The proposed molecular identification model employed a CGAN. The generator, processing a stack of 10 AFM images, underwent multiple 3D convolutions, followed by encoder and decoder blocks. The discriminator, handling concatenated input images, consisted of convolutional layers. The training dataset was divided into training, validation, and a substantial test set. During training, random combinations of AFM simulation parameters were chosen for each input stack, enhancing model generalization. Image data generator (IDG) techniques, including rotations and shifts, were applied to both AFM images and corresponding ball-and-stick depictions.

The loss functions involved mean absolute error (MAE) for the generator and binary cross-entropy for the discriminator. The training utilized batches of 32 inputs with the adaptive moment estimator (Adam) optimizer. The model underwent six epochs, displaying 300 validation set predictions every 10,000 iterations. The large test set facilitated a comprehensive quantitative analysis, demonstrating the model's ability to generalize and identify diverse organic molecules accurately. The study aimed to address the challenge of molecular identification from AFM images, showcasing the potential of the proposed CGAN-based approach.

Results

The researchers described the development and application of a CGAN for identifying molecules based on their AFM images. The CGAN was trained to generate ball-and-stick depictions of molecules from stacks of simulated AFM images.
The model was tested using theoretical AFM images from the QUAM-AFM dataset and achieved outstanding results in identifying molecular structures. The accuracy was quantified, and the model demonstrated its ability to recognize diverse chemical species and complex molecular configurations.

The CGAN was then applied to experimental AFM images obtained from various studies. Despite challenges such as limited input data and variations in AFM operation modes, the model successfully identified molecular structures in several cases, showcasing its robustness and potential for real-world applications. The study highlighted the model's capability to generalize from theoretical to experimental images, even when facing irregularities such as tip asymmetries.

While some challenges and limitations existed, the CGAN's performance with experimental data suggested its effectiveness in molecular identification through AFM images, offering a promising avenue for advancing the analysis of molecular structures in practical applications.

Discussion

The authors demonstrated the potential of using a CGAN for accurate chemical and structural identification of organic molecules based on HR-AFM images. The model translated constant-height HR-AFM image stacks into ball-and-stick molecular depictions, achieving generalization across diverse molecules. With training on theoretical images, it accurately identified molecular structures in both theoretical and experimental HR-AFM images, even when faced with incomplete information.

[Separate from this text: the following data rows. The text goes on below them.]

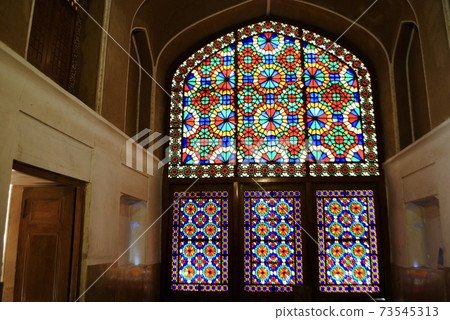 Yazd, Iran. The beautiful symmetrical colorful stained glass windows of the Pavilion under the wind catcher at Dolat Abad Garden. UNESCO World Heritage Site. Yazd, Iran. The beautiful symmetrical colorful stained glass windows of the Pavilion under the wind catcher at Dolat Abad Garden. UNESCO World Heritage Site. 73545313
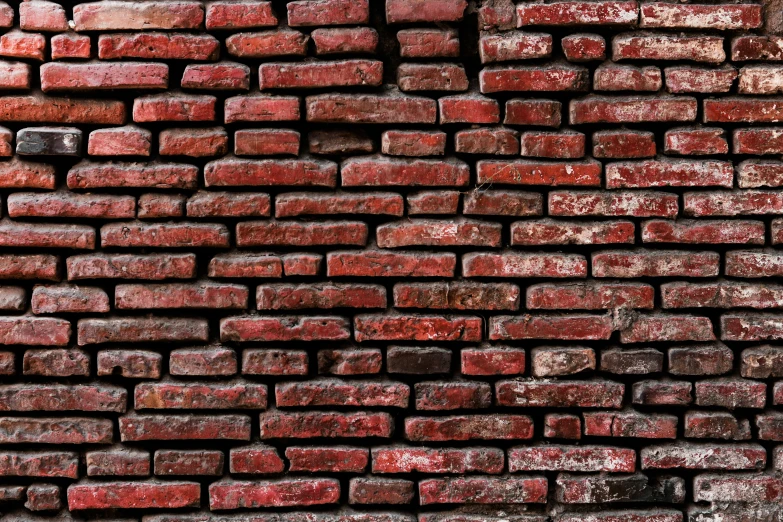 an old brick wall is displayed as it is red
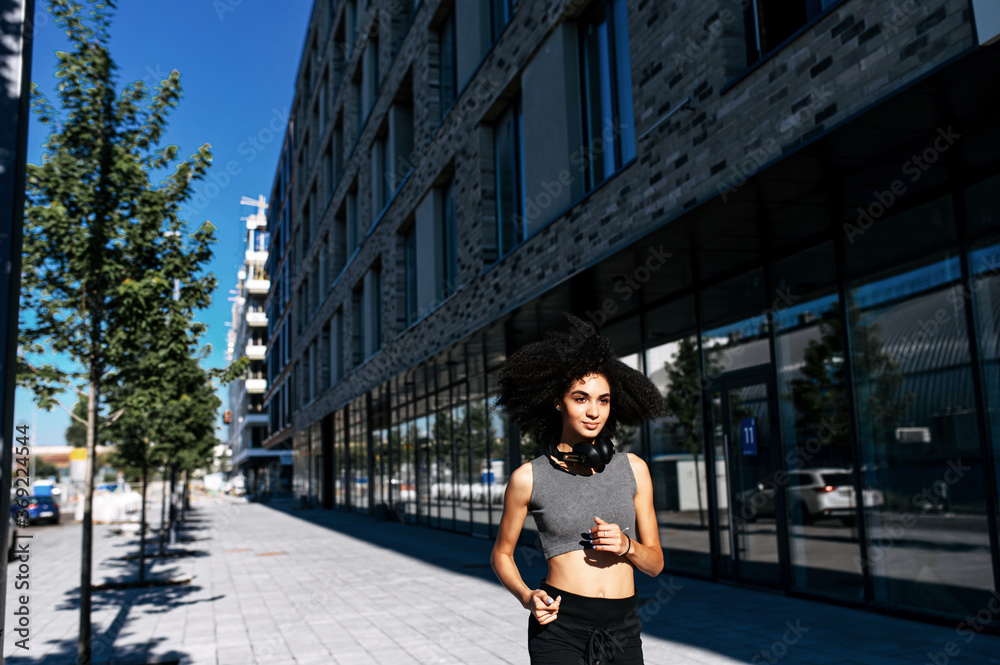 Midshot of attractive African-American woman jogging on the street. A woman with an afro hairstyle with a headphones on the neck is running among city landscape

The model's ability to discern molecular configurations surpassed human experts, and its performance was attributed to the consistency of CNNs in image analysis, patch analysis by the discriminator, and an effective loss function. While challenges existed with highly corrugated structures, the limitations were attributed to current AFM setups, suggesting potential improvements with alternative operational modes. Future research could explore combining this approach with Bayesian inference and density functional theory calculations for extending molecular identification to highly corrugated structures.

Conclusion

In conclusion, the researchers presented a groundbreaking approach employing a CGAN for accurate molecular identification through HR-AFM images. Trained on a vast dataset, the CGAN showcased remarkable generalization, accurately identifying diverse organic molecules in both theoretical and experimental settings. The model's proficiency in handling complex 3D structures and diverse chemical compositions surpassed previous methods. Despite challenges, the CGAN demonstrated unprecedented capabilities, hinting at its potential for practical applications in nanoscale molecular analysis and suggesting avenues for future research in improving AFM methodologies.